How will the 2013 floods be remembered?
- Published
Sixty years separate the North Sea floods of 1953 from last week's tidal surge. The fact the latter fell on the 60th anniversary of the former is an irony not lost on survivors. But how will the 2013 floods be remembered?
It was the tidal surge labelled the "worst in 60 years".
The flooding last week hit at least 1,400 homes and some areas witnessed the type of weather conditions expected every once in 500 years.
Particularly badly hit were Lincolnshire and Norfolk.
For those affected, last week's floods will be forever remembered.
But the surge of 60 years ago claimed hundreds of lives as it destroyed villages and parts of towns across the English coast.
For those who experienced the 1953 North Sea floods first hand, last week's surge will be remembered - despite the damage and devastation caused to many - as the year the East Coast was "extremely lucky".

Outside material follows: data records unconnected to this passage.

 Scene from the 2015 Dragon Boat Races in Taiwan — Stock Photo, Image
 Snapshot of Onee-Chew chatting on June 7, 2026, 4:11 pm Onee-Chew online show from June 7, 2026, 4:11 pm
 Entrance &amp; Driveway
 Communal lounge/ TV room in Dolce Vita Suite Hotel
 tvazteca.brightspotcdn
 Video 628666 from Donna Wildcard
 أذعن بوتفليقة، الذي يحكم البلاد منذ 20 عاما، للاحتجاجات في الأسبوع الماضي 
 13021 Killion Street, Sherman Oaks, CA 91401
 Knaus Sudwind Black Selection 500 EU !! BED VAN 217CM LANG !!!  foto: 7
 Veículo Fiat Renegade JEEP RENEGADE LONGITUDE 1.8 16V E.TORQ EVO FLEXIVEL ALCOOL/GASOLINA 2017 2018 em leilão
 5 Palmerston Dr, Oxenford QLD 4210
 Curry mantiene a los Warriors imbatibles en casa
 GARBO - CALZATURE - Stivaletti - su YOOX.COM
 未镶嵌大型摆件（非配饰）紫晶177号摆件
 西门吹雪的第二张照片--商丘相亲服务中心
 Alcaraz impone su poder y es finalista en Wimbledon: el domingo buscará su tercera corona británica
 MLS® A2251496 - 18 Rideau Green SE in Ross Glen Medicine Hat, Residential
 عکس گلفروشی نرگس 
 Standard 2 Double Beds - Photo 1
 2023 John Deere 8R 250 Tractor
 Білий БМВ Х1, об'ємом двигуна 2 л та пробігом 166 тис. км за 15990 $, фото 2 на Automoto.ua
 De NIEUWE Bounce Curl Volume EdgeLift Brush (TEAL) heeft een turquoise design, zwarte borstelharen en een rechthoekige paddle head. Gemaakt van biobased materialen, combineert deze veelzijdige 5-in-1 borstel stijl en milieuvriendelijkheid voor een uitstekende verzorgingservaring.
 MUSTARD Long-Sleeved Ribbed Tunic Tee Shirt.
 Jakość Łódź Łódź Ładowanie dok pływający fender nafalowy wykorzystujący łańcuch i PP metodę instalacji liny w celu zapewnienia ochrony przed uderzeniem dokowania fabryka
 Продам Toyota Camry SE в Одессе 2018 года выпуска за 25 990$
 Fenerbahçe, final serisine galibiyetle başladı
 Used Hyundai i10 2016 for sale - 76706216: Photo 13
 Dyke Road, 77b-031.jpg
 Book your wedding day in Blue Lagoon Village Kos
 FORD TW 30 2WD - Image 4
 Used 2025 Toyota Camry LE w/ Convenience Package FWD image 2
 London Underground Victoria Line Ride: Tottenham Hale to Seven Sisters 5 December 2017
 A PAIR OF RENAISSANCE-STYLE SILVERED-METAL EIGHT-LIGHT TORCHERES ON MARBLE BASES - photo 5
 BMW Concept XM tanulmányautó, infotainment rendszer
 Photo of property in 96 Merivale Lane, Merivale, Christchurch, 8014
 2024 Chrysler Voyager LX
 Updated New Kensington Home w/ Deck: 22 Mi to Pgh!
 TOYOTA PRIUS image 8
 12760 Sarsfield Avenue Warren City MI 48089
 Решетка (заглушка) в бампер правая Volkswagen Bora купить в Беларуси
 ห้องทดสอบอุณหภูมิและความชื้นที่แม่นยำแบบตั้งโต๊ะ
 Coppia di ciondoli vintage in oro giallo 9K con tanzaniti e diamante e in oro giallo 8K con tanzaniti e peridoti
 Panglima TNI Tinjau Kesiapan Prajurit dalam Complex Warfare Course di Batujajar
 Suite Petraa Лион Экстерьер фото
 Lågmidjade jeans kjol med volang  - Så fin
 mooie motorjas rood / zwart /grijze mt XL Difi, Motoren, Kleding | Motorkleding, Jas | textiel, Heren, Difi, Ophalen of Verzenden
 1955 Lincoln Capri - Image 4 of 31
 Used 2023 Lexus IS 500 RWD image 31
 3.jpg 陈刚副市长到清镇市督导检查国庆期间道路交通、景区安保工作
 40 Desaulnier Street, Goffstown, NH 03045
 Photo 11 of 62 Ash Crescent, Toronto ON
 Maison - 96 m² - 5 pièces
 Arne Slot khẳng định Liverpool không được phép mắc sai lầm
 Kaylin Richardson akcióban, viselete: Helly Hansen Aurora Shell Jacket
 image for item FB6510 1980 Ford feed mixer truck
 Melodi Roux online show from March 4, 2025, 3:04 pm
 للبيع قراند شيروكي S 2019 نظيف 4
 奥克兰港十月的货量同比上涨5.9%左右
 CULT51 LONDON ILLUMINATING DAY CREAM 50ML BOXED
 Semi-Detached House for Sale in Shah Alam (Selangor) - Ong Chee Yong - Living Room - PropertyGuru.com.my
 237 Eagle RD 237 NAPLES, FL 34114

One of them is Harry Francis. He was affected last week too - his beach hut in Walton on the Naze was ruined by the surge.
Mr Francis's memory of the 1953 floods in Jaywick, Essex, begins with his arm falling out of bed into freezing cold water.
Then he remembers being told to get up and get dressed.
The bungalow started to move. His father opened the front door, then went to the back of of their home and kicked a hole in it.
Although this stopped their home from rocking it meant the water level went from 3ft (1m) to 5ft (1.5m).
His parents then smashed a hole in the ceiling and got the family into the loft space.
"That's when we realised how bad it was," Mr Francis said.
"The water was only a couple of inches below the ceiling. We all just sat on rafters.
"Out of the back of our bungalow we were calling to a family and this family were calling back to us.
"And then they stopped calling and we thought they had been rescued.
"But they hadn't. They had all drowned."
Painful memories of that night were brought back last week.
"It is extremely lucky that Jaywick didn't get hit again," Mr Francis added.
"The waves were large but all the sea defences worked.
"The force of the sea is frightening. This time it was different. In 1953 there were no communications, nobody knew anything, nobody was told anything and hardly anybody had televisions.
"Even the policeman had to walk all along the front to let people know to get out.
"This time, the communications were excellent. People knew what to expect and there was plenty of warning and the plans were in place."
Dominic Reeve, professor of coastal engineering at Swansea University, said: "I was looking back at the records for the same sort of event which happened in the 1950s.
"It is testament to the research and design and the effort that has gone into our coastal defences that we didn't see something similar this time around.
"I think we've got a lot more in the way of early warning systems in terms of defences which have prevented the sort of scale of devastation we saw in 1953.
"Defences against the elements are always a balance of costs against the consequences - and that's a decision that has to be made by society as a whole."